Non solo Sanremo. Nel giorno in cui la stampa veniva convocata per la maratona degli ascolti (lo scorso venerdì), per fortuna c’era anche altro da fare. E da ascoltare.
In uscita c’era il nuovo di Elvis Costello, che come forse avrà intuito chi bazzica da queste parti, è uno dei miei artisti preferiti. Lo seguo da sempre, nei suoi alti e bassi, l’ho visto varie volte in concerto, ho avuto anche l’onere/onore di intervistarlo face-to-face, tanto tempo fa.

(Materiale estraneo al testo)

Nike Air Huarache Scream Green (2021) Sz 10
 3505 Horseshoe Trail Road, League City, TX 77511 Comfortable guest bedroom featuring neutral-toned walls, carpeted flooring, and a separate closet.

L’ho pure criticato, le poche volte che il suo iperattivismo creativo ha abbassato l’asticella della qualità. Non è il caso, per fortuna, di questo “The Boy Named If”, realizzato coi fidi Imposters (e che piacere riascoltare l’organo di Steve Nieve!), che rilancia la foga e l’irruenza degli inizi con la maturità dei tempi moderni.

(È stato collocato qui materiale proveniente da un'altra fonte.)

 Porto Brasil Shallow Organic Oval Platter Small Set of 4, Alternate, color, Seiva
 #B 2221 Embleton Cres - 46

Per gli appassionati è una gioia risentire ritmi e melodie familiari, evitando di cadere nella banalità del déja vu, ragionando sui moti e le emozioni della giovinezza perduta, senza farsi troppo prendere dalle morse della nostalgia.
Sono tredici storie fra passato e presente, realtà e fantasia, una sorta di racconto della linea d’ombra di ognuno di noi.

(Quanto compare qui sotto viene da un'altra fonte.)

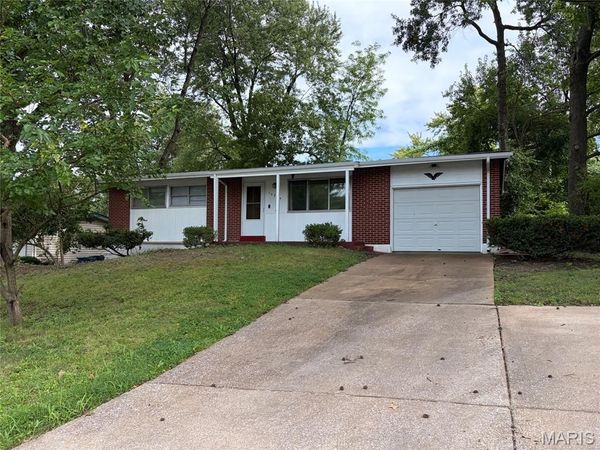 10204 Dacey Drive, Dellwood, MO 63136
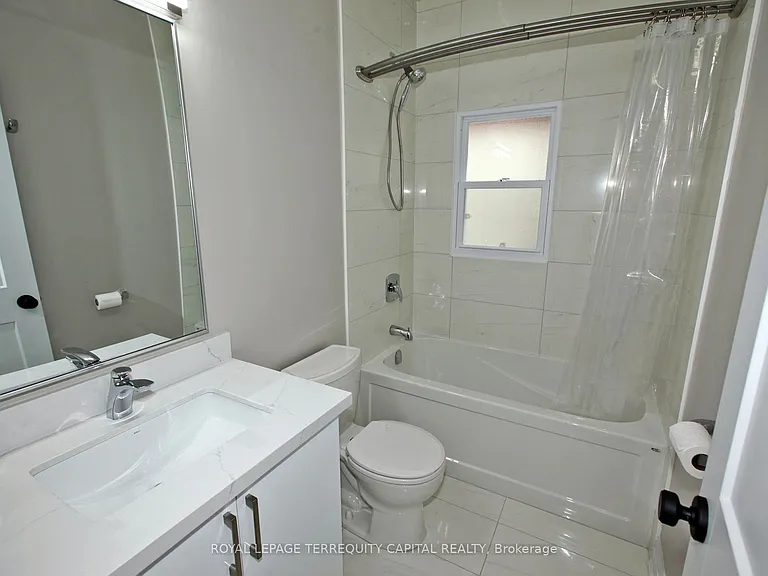 756 Gerrard St E #1 — Photo 9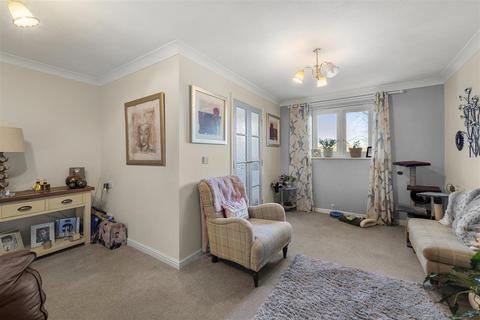 1 bedroom flat for sale, Whitehall Road, Sale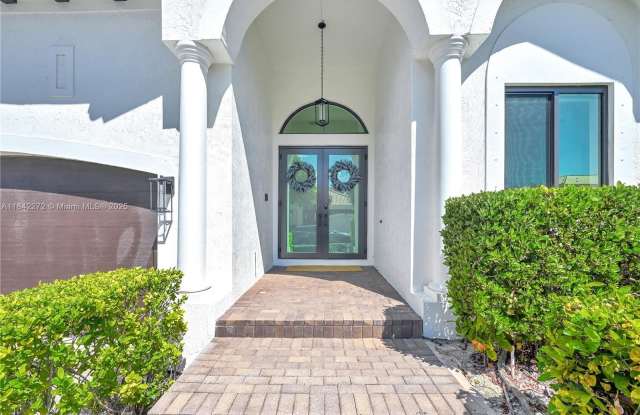 7565 SW 190th St photos photos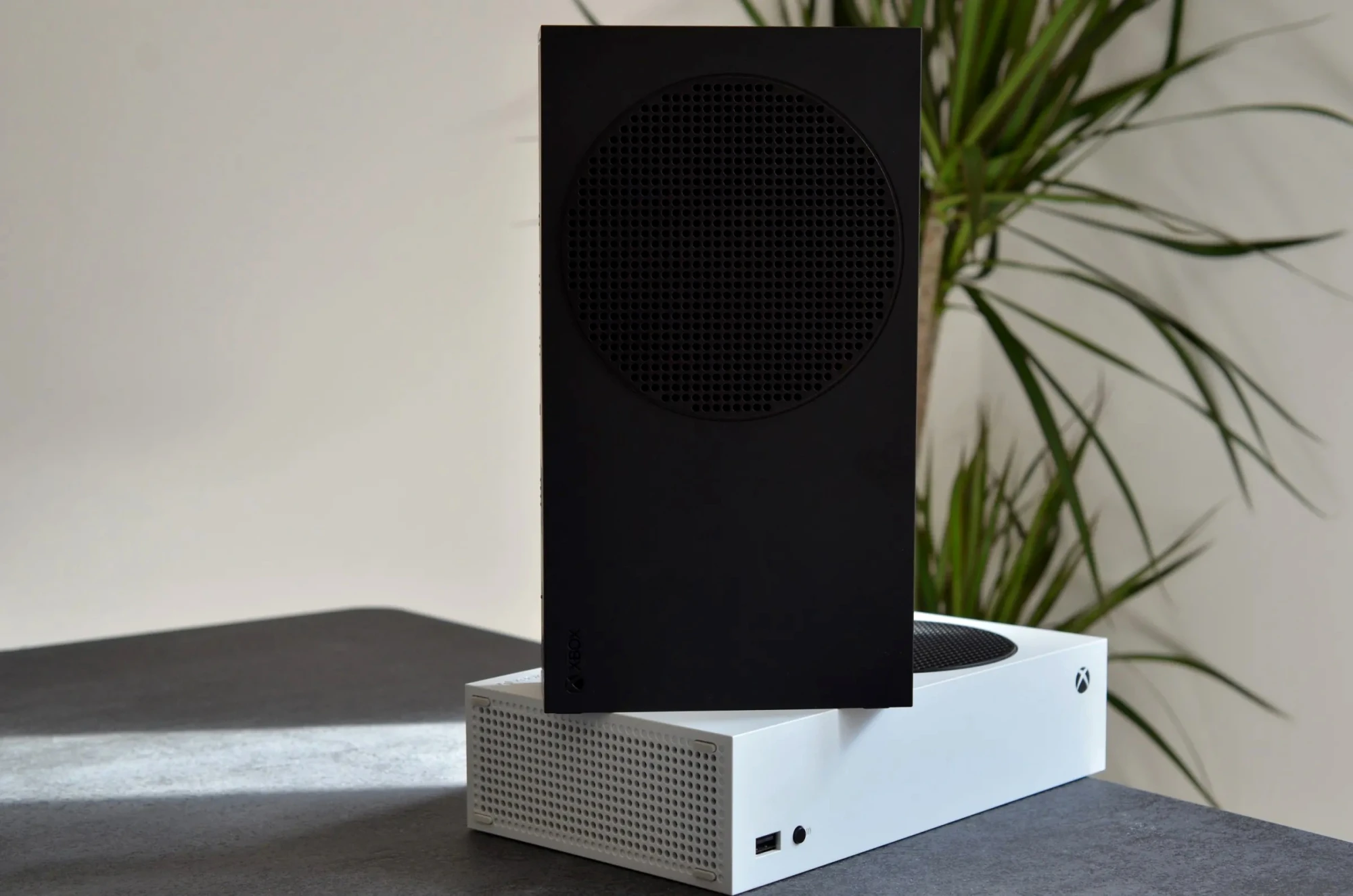 Фото: чёрная Xbox Series S с накопителем на 1 ТБ | Hi-Tech | Селдон Новости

Ecco il rock anni Sessanta di “Farewell, Ok”, le sonorità (quasi) vaudeville “The Man You Love To Hate”, la ballatona romantica “Paint The Rose Blues”, le delizie jazzy di “Trick Out The Truth” (con un testo lungo, ironico e articolato, dalle citazioni assortite) per chiudere con la grande bellezza della suadente “Mr. Crescent”.
In poche parole, un disco fatto come si deve, ispirato e brillante. Anzi, pimpante.
Mette di buon umore. E di questi tempi non è poco.